New digital systems will also have a profound impact on identity verification and Upadhyaya points to Estonia, which has implemented a universal digital identity for every resident, as a positive example. After all, money launderers (sometimes referred to colloquially as “smurfs”) crave anonymity, which means using false IDs as well as “straw men.” 

But digital identity systems will eventually enable faster and more reliable verification, which may add another layer of certainty about clients. While such technologies are expected to gain traction, Yip says that firms have to develop a culture of compliance and integrity such that every employee, not just compliance officers, feels an obligation to watch for warning signs.

And, as Fiddian-Green adds, professionals like accountants, lawyers and others who deal directly with individual clients, need to probe, ask tough questions and go beyond a tick-box approach to due diligence. “It’s as simple as really making sure you know who you’re doing business with,” she says, adding it’s wise not to work with a business if you don’t know who owns it. “Just say no. We have that choice.”

FOCUS ON MONEY LAUNDERING

Looking to learn more about money laundering and how CPA Canada is working to help strengthen the AML regime? See How accountants can help fight money laundering, Anti-money laundering policy, Feds boost anti-money laundering investment as Canada fights ‘dirty money’ and Money laundering is a national crisis. What now?


NEW RULES GIVE NEW TOOLS TO CPAS

This June, new federal regulations seeking to combat money laundering will come into effect, marking what Michele Wood-Tweel, CPA Canada’s vice-president of regulatory affairs, describes as important changes in evolving Canada’s regime to address new and current risks.

Coming five years after the international Financial Action Task Force found improvements were required to Canada’s approach to anti-money laundering and anti-terrorist financing, the new rules, Wood-Tweel says, will align various domestic standards with global ones in an effort to combat the movement of dirty money.

As the introduction to the new rules states, “The amendments to the regulations strengthen Canada’s AML/ATF Regime, align measures with international standards and level the playing field across reporting entities by applying stronger customer due diligence requirements and beneficial ownership requirements to designated non-financial businesses and professions (DNFBPs).”

CPA Canada will be publishing an updated guide on complying with the “Proceeds of Crime (Money Laundering) and Terrorist Financing Act” and the revised rules.

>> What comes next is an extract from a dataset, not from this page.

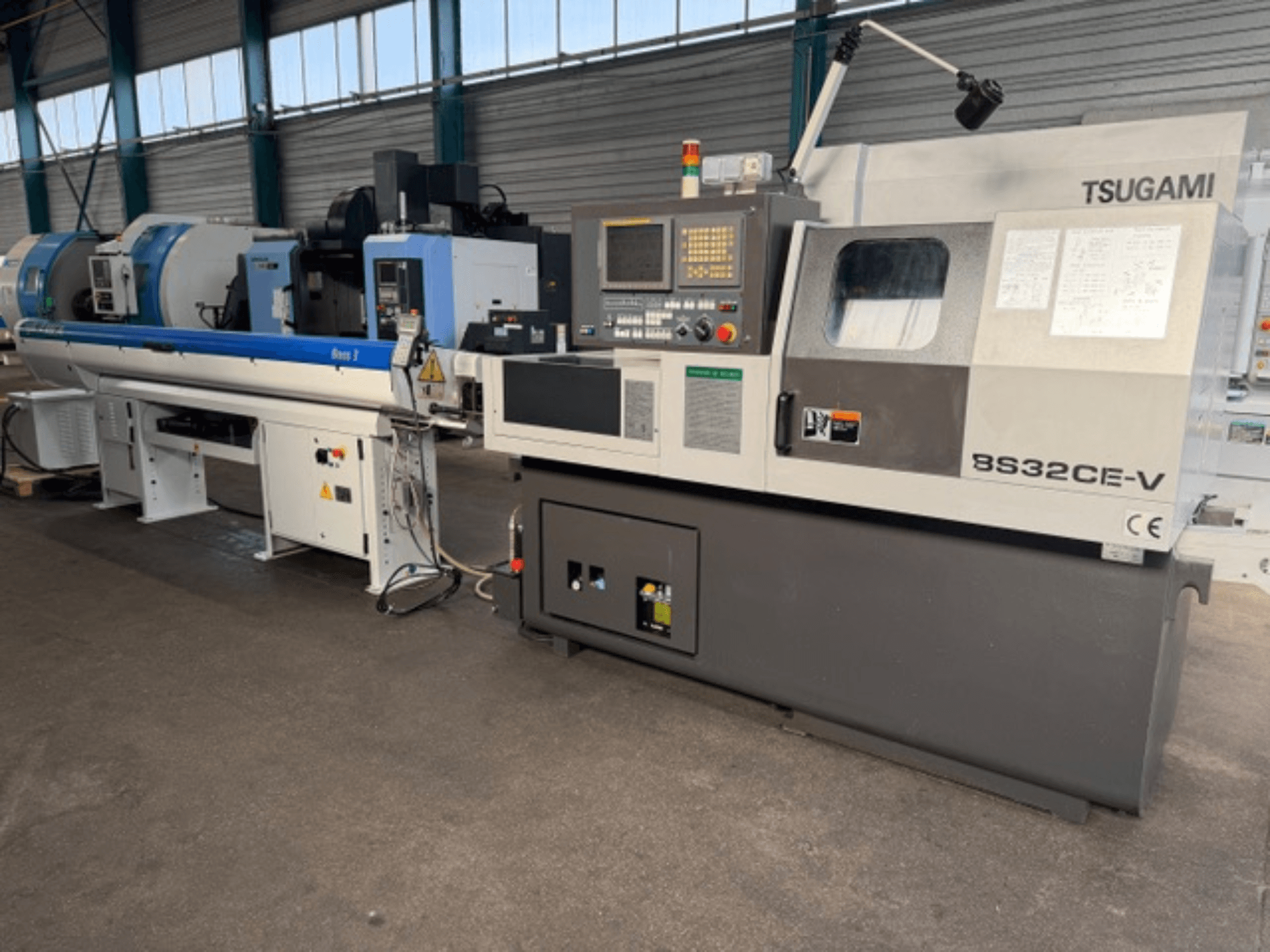 TSUGAMI BS32CE-V Swiss type turning machine in a front view, featuring a control panel and attached spindle.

It will include what constitutes a “triggering” activity by an accountant or accounting firm and the related obligations under Canada’s anti-money laundering and terrorist financing regime.

The new beneficial ownership requirements in the regulations aren’t the only changes afoot in how Canada deals with transparency and ownership of assets. Wood-Tweel says CPAs will have to educate themselves about the new beneficial ownership rules that require most private companies under the Canada Business Corporation Act and in many provincial jurisdictions to create and maintain beneficial ownership registers. These changes will be directly relevant to CPAs who sit on private company boards or serve as CFOs, as well as those with private corporate clients.

“These changes related to beneficial ownership are entirely relevant to the work that our members do with private companies every day,” she says. “Members need to be aware of these developments and keep apprised of the changes that are coming down the track.”